■ **Exercise objective**
What is wanted is every line below from the one with "2025年新港免費看資料和大" up to and including the one with "I live for the", retyped exactly, pictures excluded, nothing else.

■ **Input**
"""
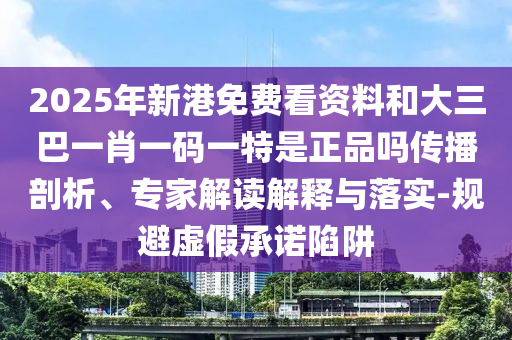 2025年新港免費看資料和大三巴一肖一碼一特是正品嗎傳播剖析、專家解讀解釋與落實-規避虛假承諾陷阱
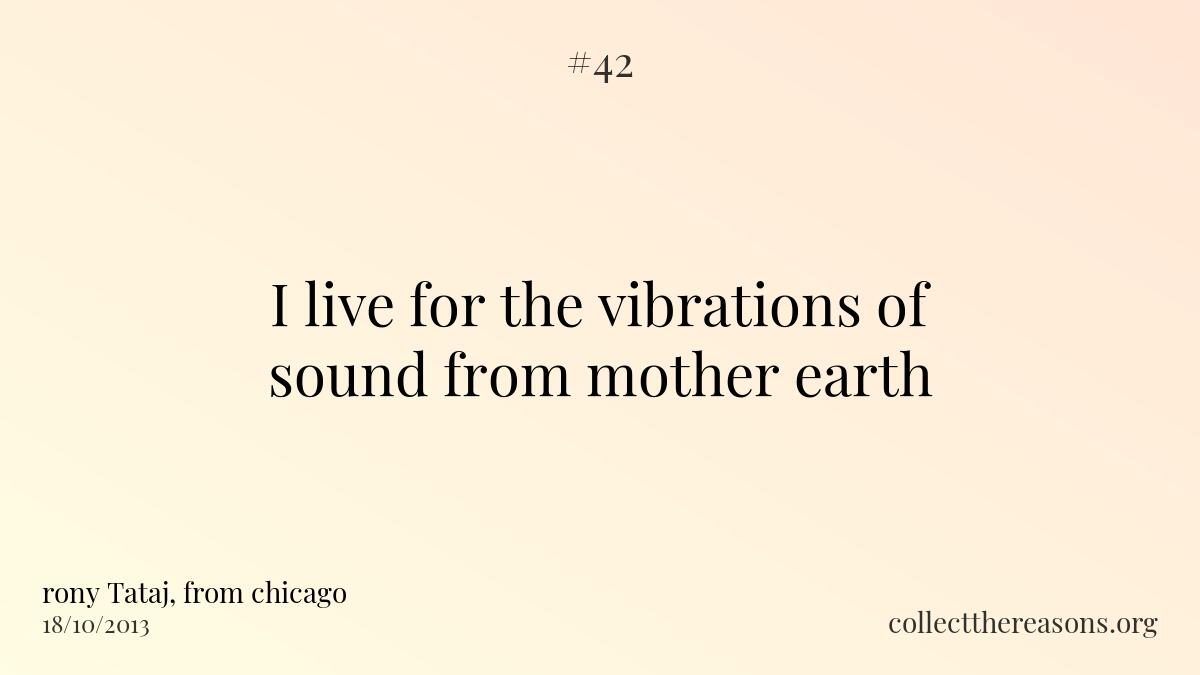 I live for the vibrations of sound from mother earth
"""
"""
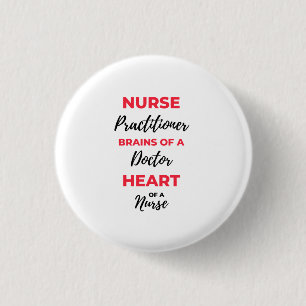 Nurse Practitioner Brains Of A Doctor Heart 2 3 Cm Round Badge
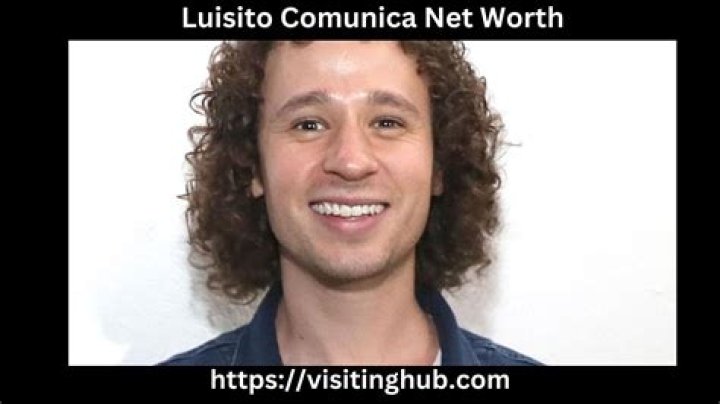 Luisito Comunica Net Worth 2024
"""
"""
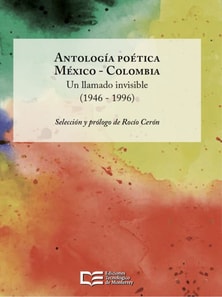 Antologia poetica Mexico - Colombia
"""
■ **Exercise output**
 2025年新港免費看資料和大三巴一肖一碼一特是正品嗎傳播剖析、專家解讀解釋與落實-規避虛假承諾陷阱
 I live for the vibrations of sound from mother earth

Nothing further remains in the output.